Required action: Please repeat the lines below, exactly and only, from the one that holds "Enso Zen Circle Vierkante Sticker (Voorkant)" through the one that holds "Nef Serisi 70x114".

Data extracts:
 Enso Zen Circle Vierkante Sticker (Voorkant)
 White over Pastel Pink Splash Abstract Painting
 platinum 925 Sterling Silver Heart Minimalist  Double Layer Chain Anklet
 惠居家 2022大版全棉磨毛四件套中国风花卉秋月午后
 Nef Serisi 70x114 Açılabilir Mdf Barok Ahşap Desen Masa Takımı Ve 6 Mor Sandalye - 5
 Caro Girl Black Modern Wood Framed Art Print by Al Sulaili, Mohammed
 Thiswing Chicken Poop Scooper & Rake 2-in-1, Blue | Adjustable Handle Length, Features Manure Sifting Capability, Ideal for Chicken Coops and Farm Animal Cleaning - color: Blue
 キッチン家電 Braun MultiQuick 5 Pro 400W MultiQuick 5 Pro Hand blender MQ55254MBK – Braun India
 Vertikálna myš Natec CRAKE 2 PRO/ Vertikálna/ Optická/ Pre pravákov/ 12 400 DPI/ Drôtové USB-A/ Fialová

---

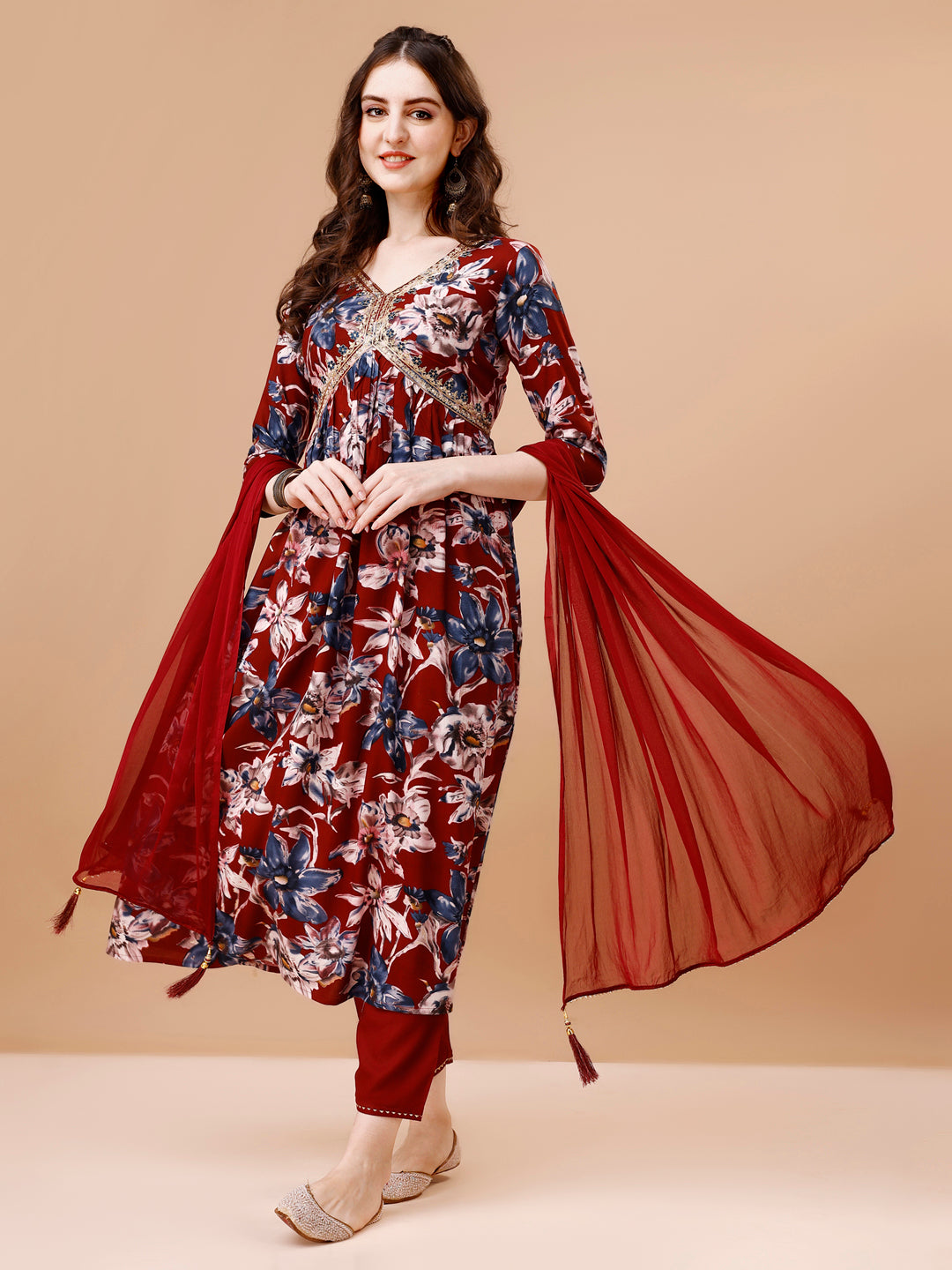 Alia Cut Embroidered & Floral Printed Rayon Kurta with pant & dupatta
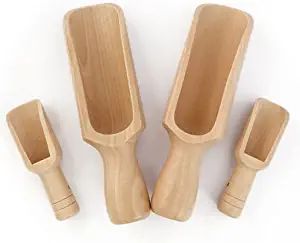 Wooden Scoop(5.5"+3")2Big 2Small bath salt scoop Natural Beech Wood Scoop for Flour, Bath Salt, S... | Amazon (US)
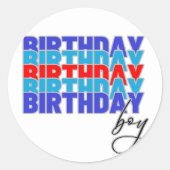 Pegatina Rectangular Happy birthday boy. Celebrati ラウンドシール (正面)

Task result:
 Enso Zen Circle Vierkante Sticker (Voorkant)
 White over Pastel Pink Splash Abstract Painting
 platinum 925 Sterling Silver Heart Minimalist  Double Layer Chain Anklet
 惠居家 2022大版全棉磨毛四件套中国风花卉秋月午后
 Nef Serisi 70x114 Açılabilir Mdf Barok Ahşap Desen Masa Takımı Ve 6 Mor Sandalye - 5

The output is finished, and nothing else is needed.